Collected data entries
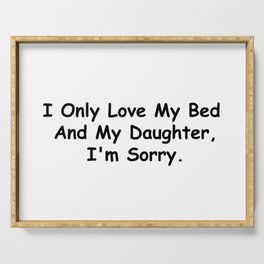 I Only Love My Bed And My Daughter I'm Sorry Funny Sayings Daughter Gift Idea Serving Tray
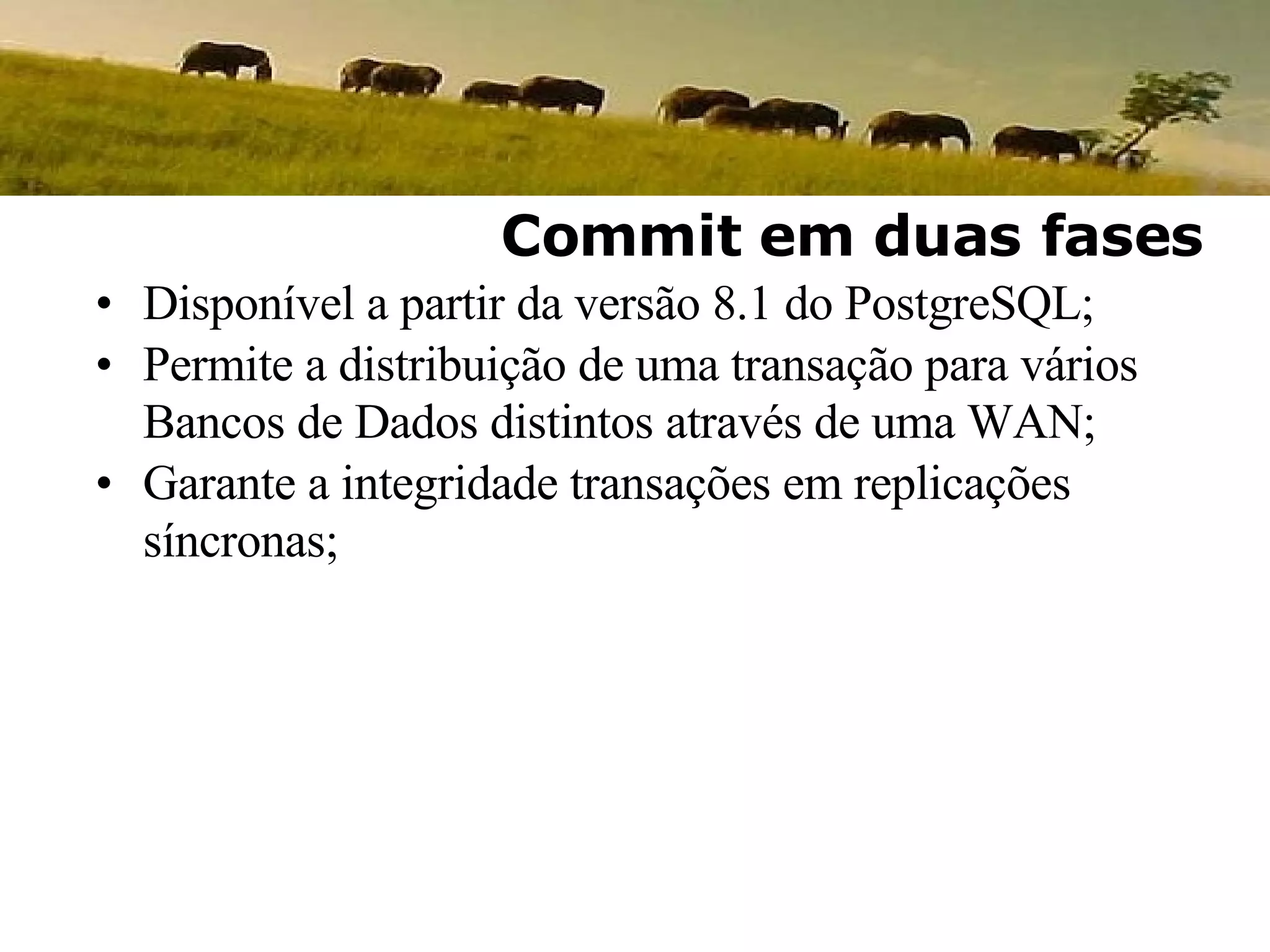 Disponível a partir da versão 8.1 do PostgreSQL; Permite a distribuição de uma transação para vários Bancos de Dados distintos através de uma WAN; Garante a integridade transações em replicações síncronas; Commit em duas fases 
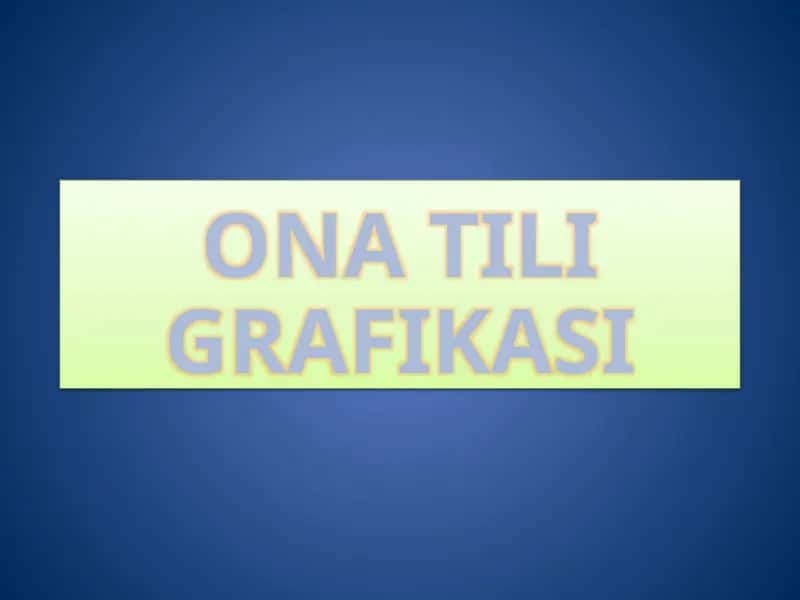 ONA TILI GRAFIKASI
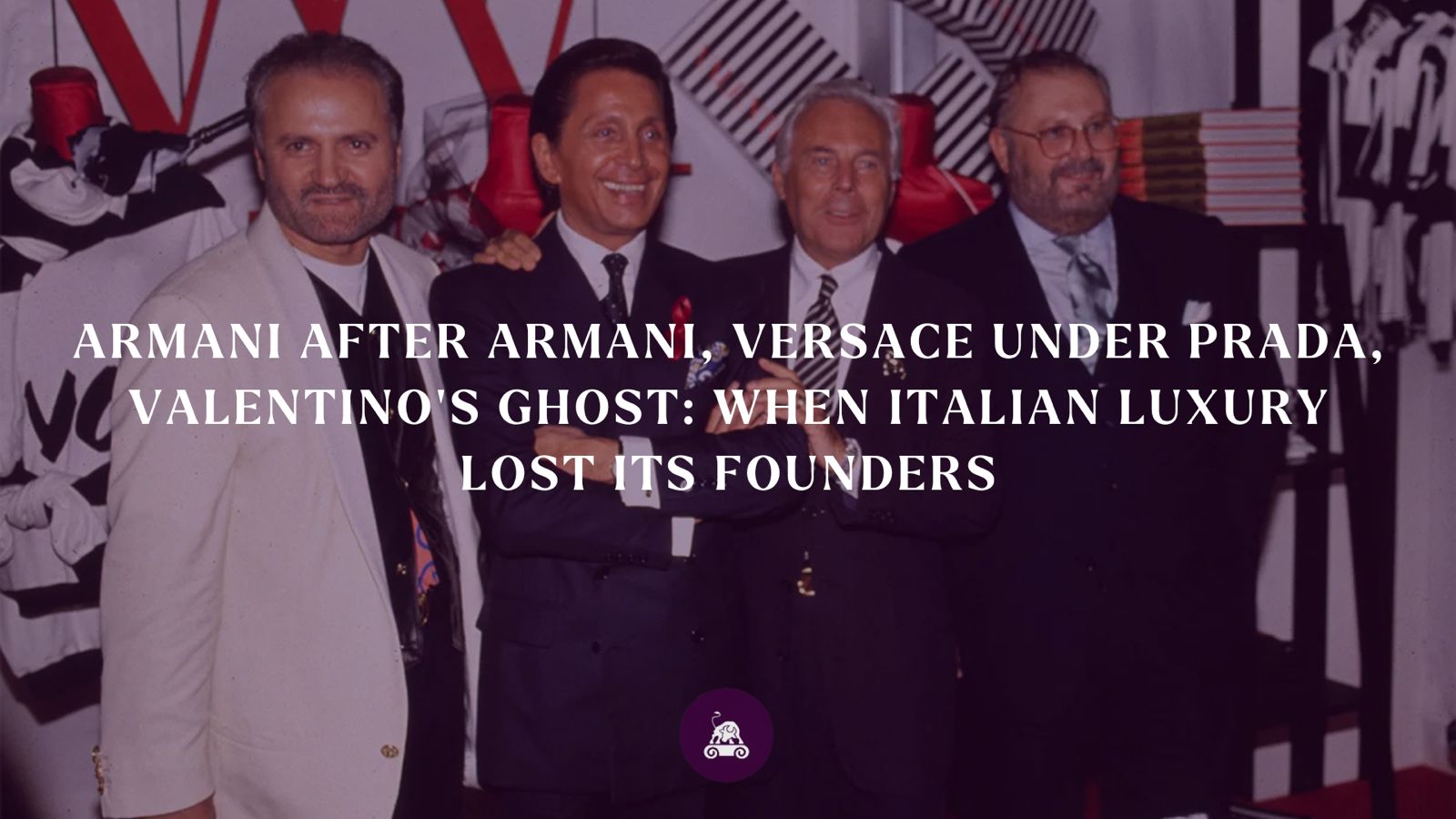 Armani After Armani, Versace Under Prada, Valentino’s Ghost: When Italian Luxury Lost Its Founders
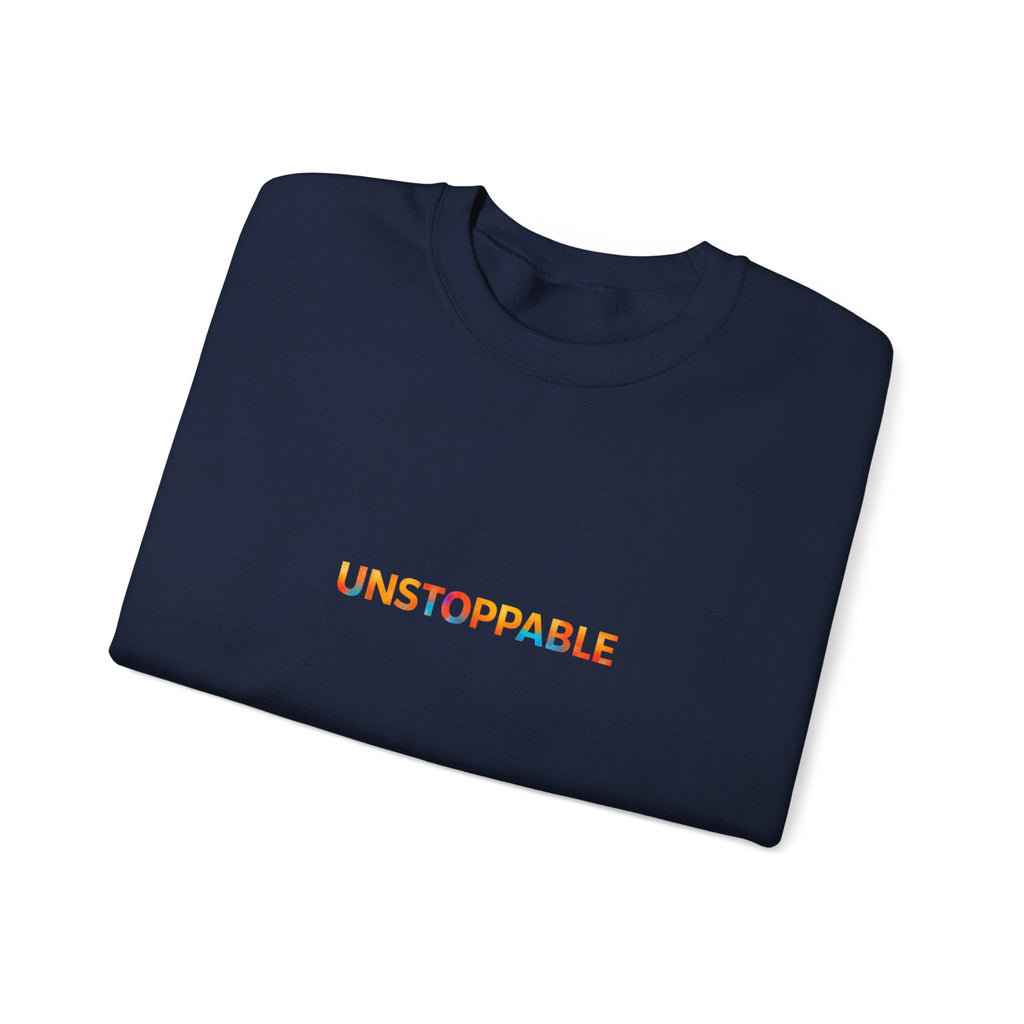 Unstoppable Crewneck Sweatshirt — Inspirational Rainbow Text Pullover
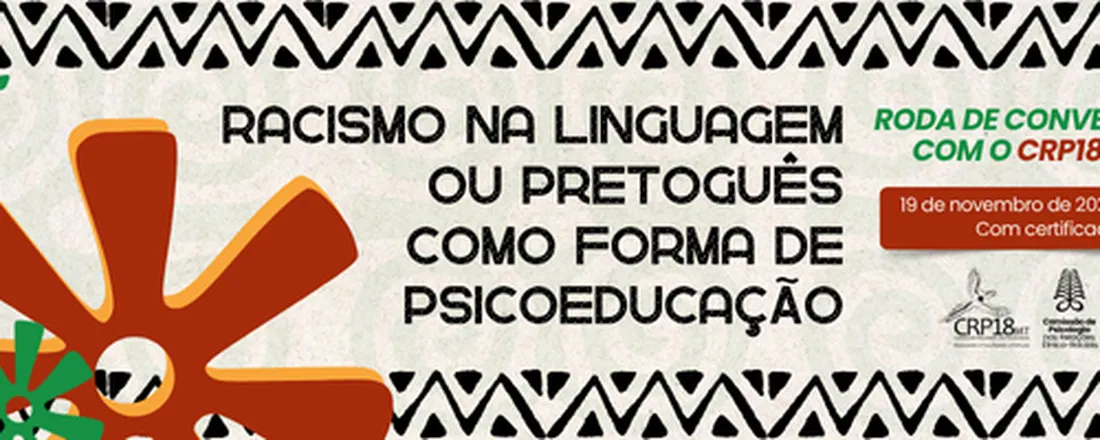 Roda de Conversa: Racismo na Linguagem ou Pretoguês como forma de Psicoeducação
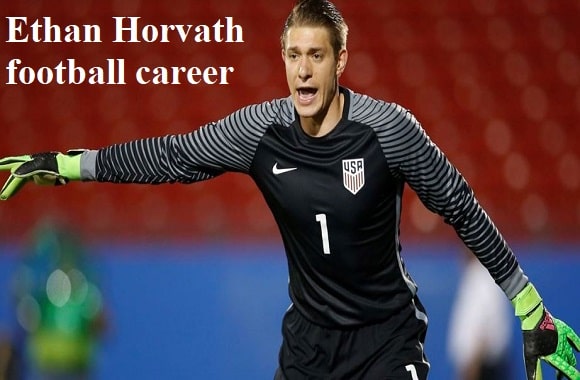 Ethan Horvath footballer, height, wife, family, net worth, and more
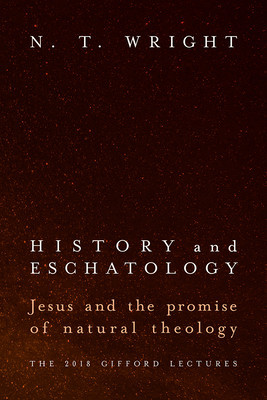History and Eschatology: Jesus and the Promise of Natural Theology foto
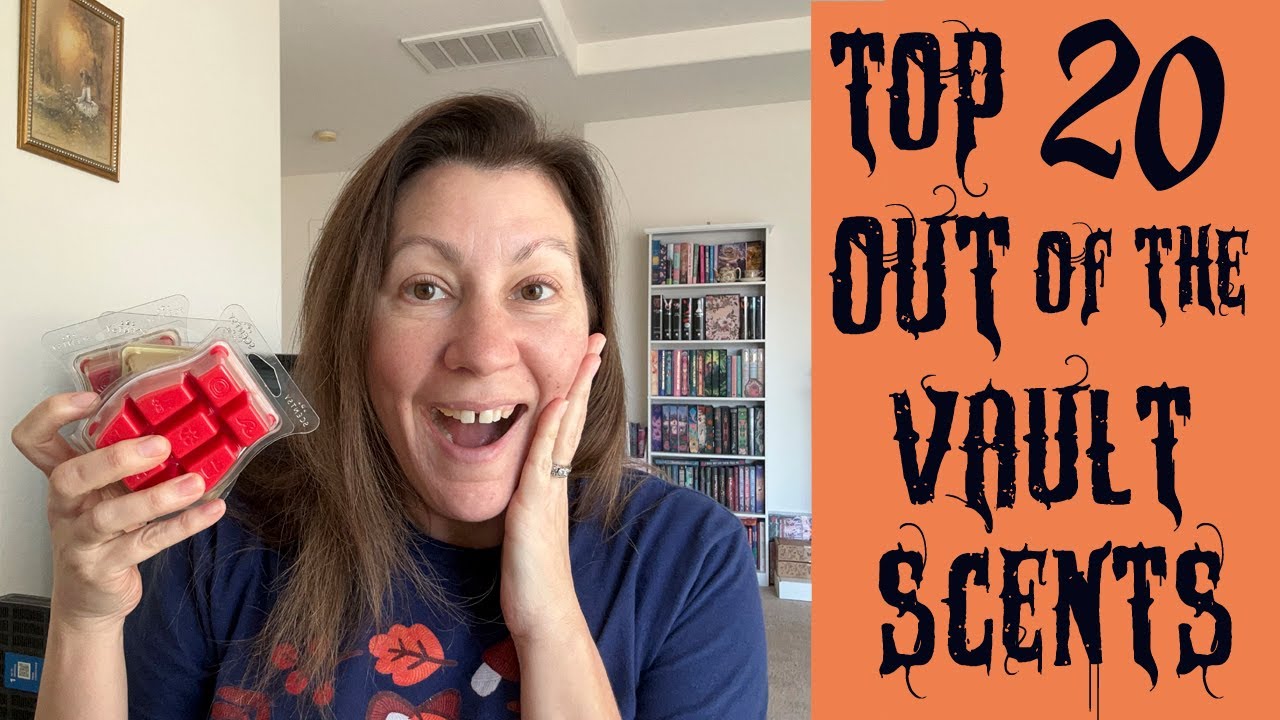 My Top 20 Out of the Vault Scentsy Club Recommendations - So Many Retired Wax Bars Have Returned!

» WORK ITEM
The output is the data above, repeated exactly, with pictures omitted.

» RESULT OF THIS EXERCISE
 I Only Love My Bed And My Daughter I'm Sorry Funny Sayings Daughter Gift Idea Serving Tray
 Disponível a partir da versão 8.1 do PostgreSQL; Permite a distribuição de uma transação para vários Bancos de Dados distintos através de uma WAN; Garante a integridade transações em replicações síncronas; Commit em duas fases 
 ONA TILI GRAFIKASI
 Armani After Armani, Versace Under Prada, Valentino’s Ghost: When Italian Luxury Lost Its Founders
 Unstoppable Crewneck Sweatshirt — Inspirational Rainbow Text Pullover
 Roda de Conversa: Racismo na Linguagem ou Pretoguês como forma de Psicoeducação
 Ethan Horvath footballer, height, wife, family, net worth, and more
History and Eschatology: Jesus and the Promise of Natural Theology foto
 My Top 20 Out of the Vault Scentsy Club Recommendations - So Many Retired Wax Bars Have Returned!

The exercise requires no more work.